Another factor is the shift in consumer habits. Companies such as North Face — Alpine’s top vendor — are selling more products directly to consumers online. In addition to local competition from REI, Hyer said the lack of surrounding retail development has hindered foot traffic.

For 14 years, the store has been located across from the Hands On Children’s Museum at 408 Olympia Ave. NE. The store has reduced staff from 57 employees in 2010 to 15 employees currently.

As for the new marketplace concept, Hyer is talking with potential investors. He already has one major investor on board with Ray LaForge, former owner of Olympic Outfitters.

In its future incarnation, Alpine will become The Shop, serving as a brick-and-mortar showroom for outdoor-related products, a cafe and “concept shops.” Included in the mix will be The Olympia Footwear Co. and The Bike Stand, a full-service bike shop.
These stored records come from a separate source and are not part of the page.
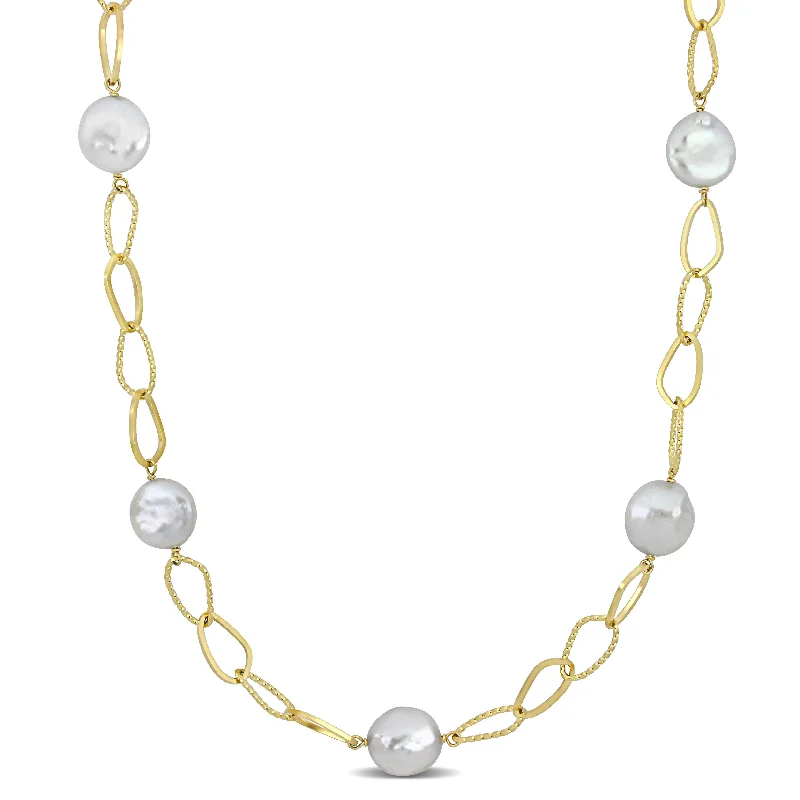 Mimi & Max 14-15mm Cultured Freshwater Coin Pearl Station Chain Necklace in Yellow Silver - 36 in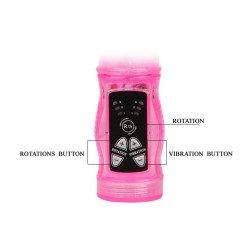 mini rotateur lapin rose avec superstimulateur
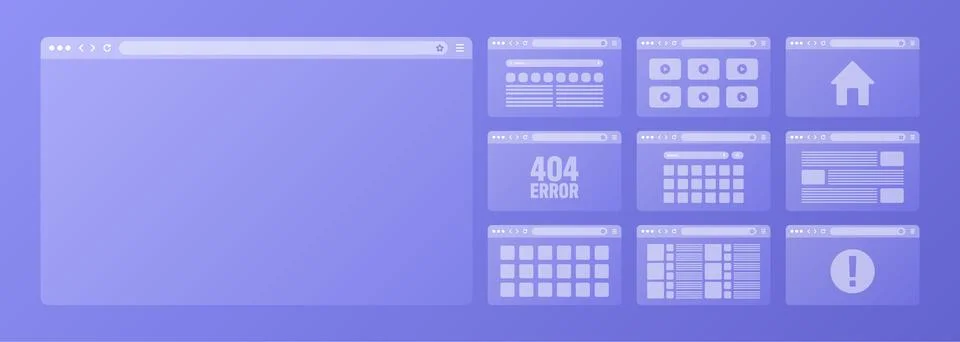 Web browser window, transparent pages layout with toolbar and search field 스톡 일러스트
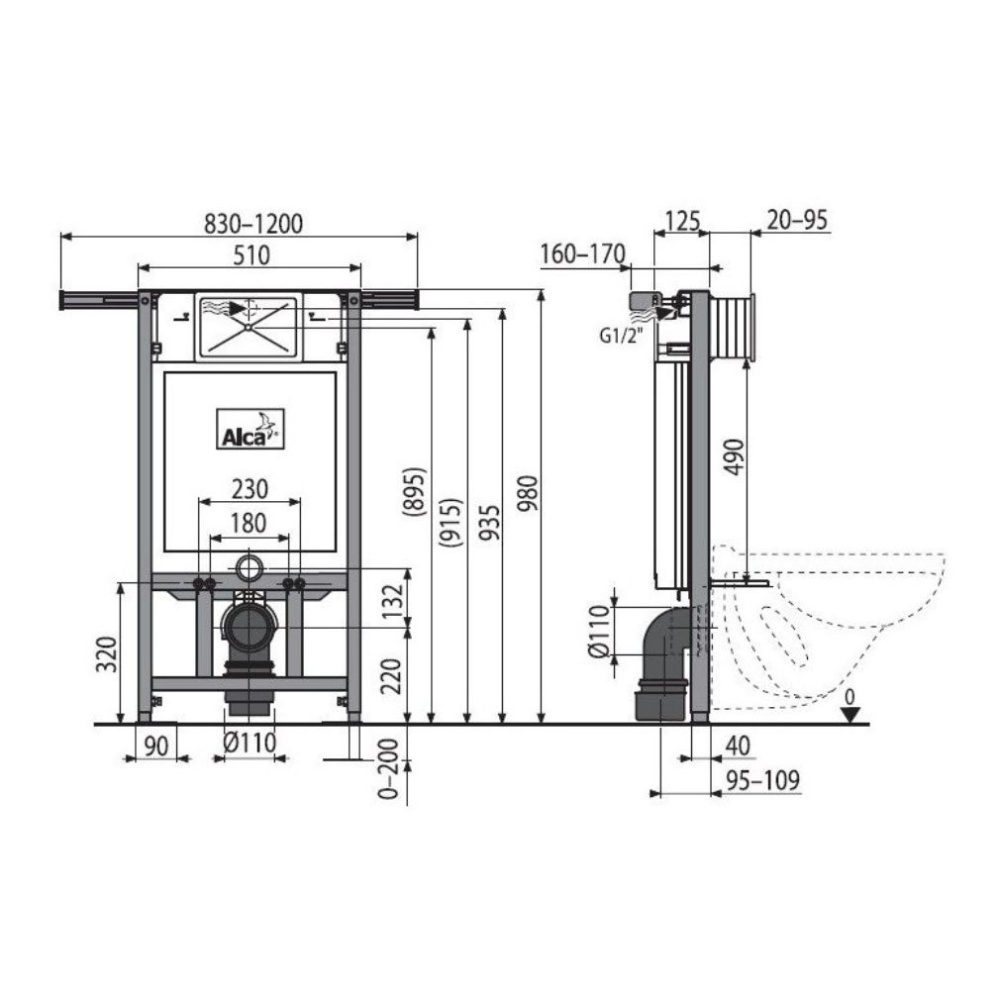 Инсталляция AlcaPlast Jadromodul A102/1000 для сухой установки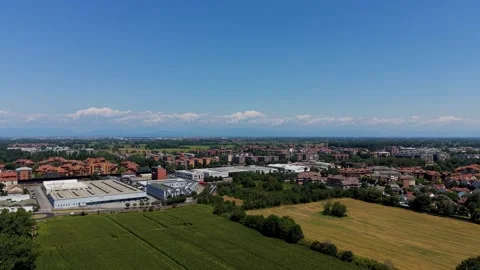 Suburban Development Along Agricultural Fields Outside Milan Italy Stock Footage 340906076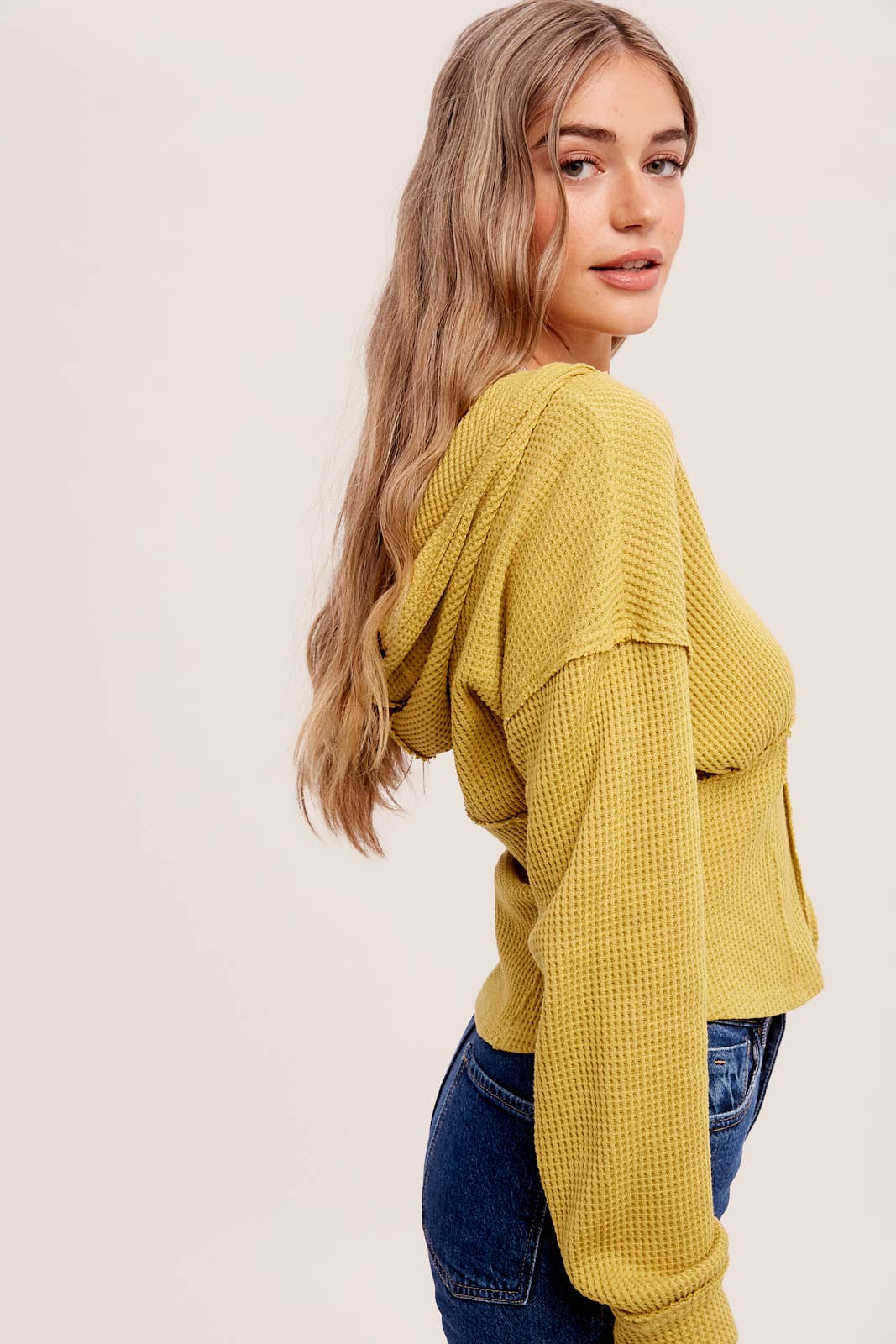 Waffle Knit Corset Hoodie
One idea is to cover overhead expenses for vendors in exchange for a share of revenue.

“The conventional wisdom of retail may need to be turned on its head,” said Hyer, who hopes to open The Shop in early April. “We’re trying to create a marketplace for the community.”

Hyer said he plans to continue providing full-time jobs, and Alpine has always paid higher than minimum wage. The goal is to retain all current employees and “carve out as many full-time jobs as we can,” Hyer said.

“We are ending Alpine, we hope, on a good note.”

Foot traffic is declining for brick-and-mortar retailers nationwide. Total retail foot traffic for November and December 2013 was tracked at 17.6 billion visits, compared with nearly 35 billion visits for the same period in 2010, according to a Jan. 16 article in The Wall Street Journal.